Work order:
Could you output each line below precisely as it stands, without the images?

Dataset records
· · · ·
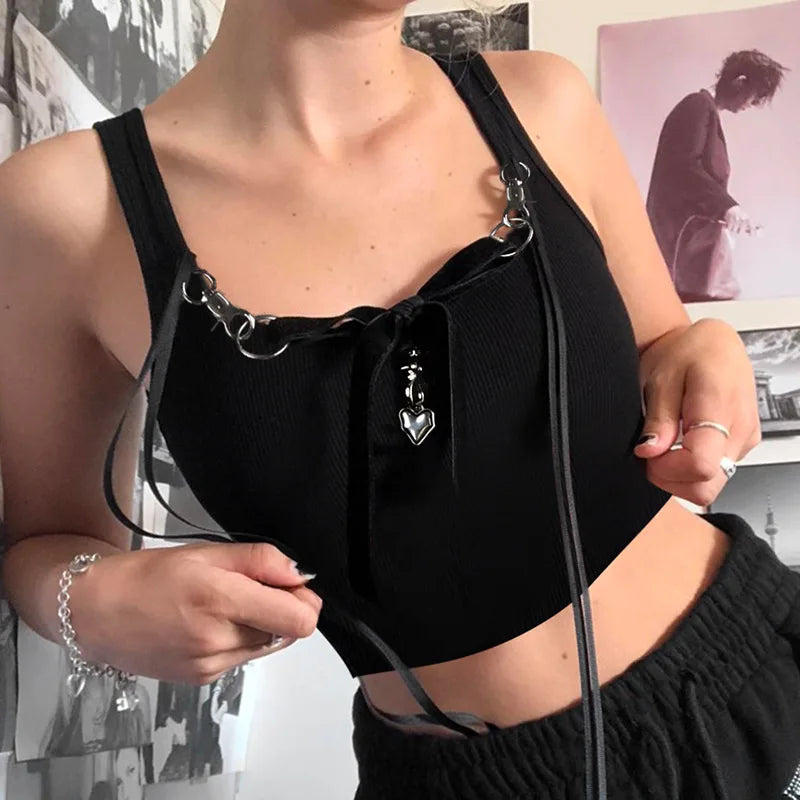 2024 Fashion Personalized Metal Decoration Spicy Girl Crop Top Spandex Blend Rayon Blend Denim Blend 2024 Fashion Personalized Metal Decoration Spicy Girl Crop Top Spandex Blend Rayon Blend Denim Blend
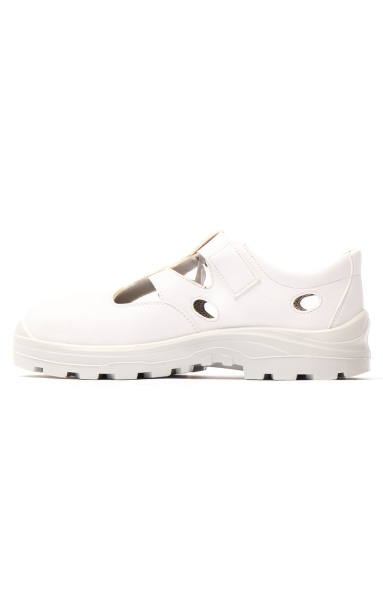 Полуботинки (сандалии) АЛМИ с перфорацией арт 80302 011600 МИНПРОМТОРГ МП, ПУ, белый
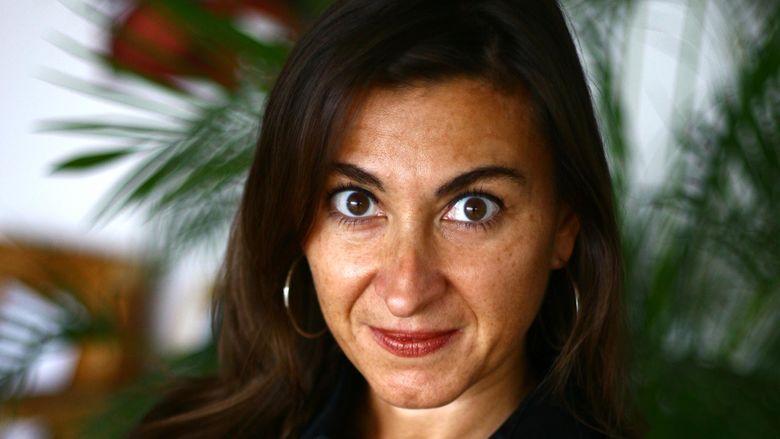 Lynsey Addario pictured.
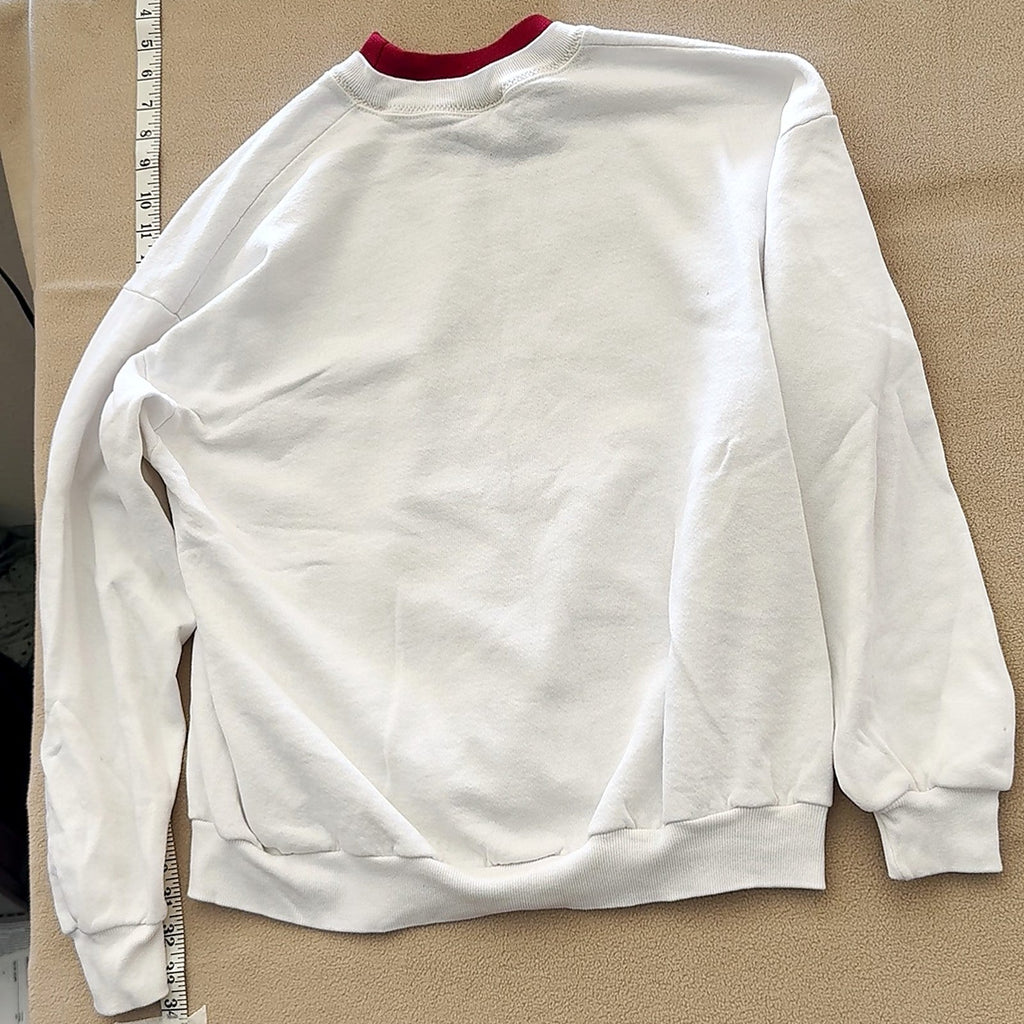 Vintage Gopher Sport Alphabet School Teacher Sweatshirt White Made In USA XL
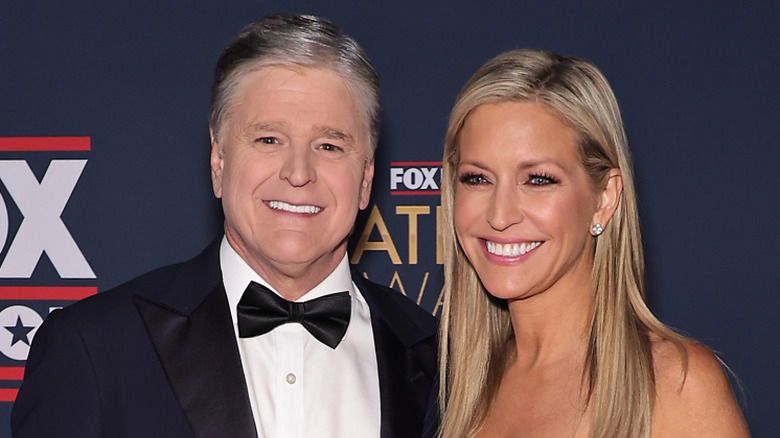 Sean Hannity and Ainsley Earhardt on the red carpet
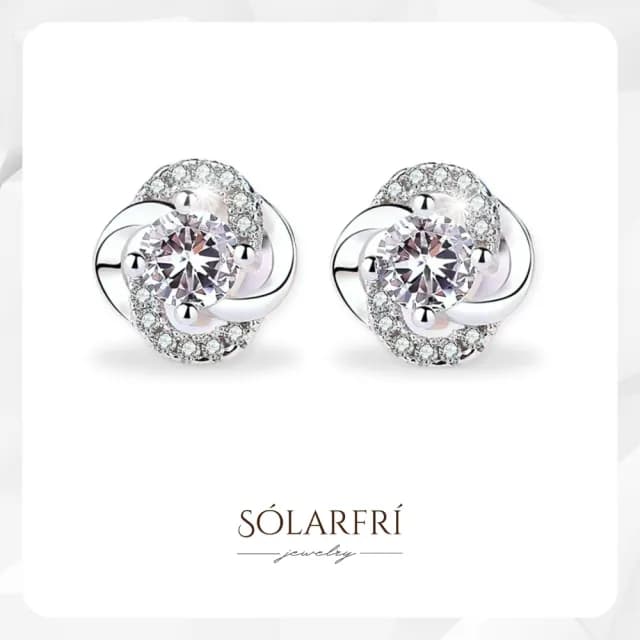 【SOLARFRi】銀針耳環｜閃耀輕奢小眾款親膚低敏 附品牌禮盒包裝(閨蜜情人女友母親老婆禮物)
· · · ·
Response:
 2024 Fashion Personalized Metal Decoration Spicy Girl Crop Top Spandex Blend Rayon Blend Denim Blend 2024 Fashion Personalized Metal Decoration Spicy Girl Crop Top Spandex Blend Rayon Blend Denim Blend
 Полуботинки (сандалии) АЛМИ с перфорацией арт 80302 011600 МИНПРОМТОРГ МП, ПУ, белый
 Lynsey Addario pictured.
 Vintage Gopher Sport Alphabet School Teacher Sweatshirt White Made In USA XL
 Sean Hannity and Ainsley Earhardt on the red carpet
 【SOLARFRi】銀針耳環｜閃耀輕奢小眾款親膚低敏 附品牌禮盒包裝(閨蜜情人女友母親老婆禮物)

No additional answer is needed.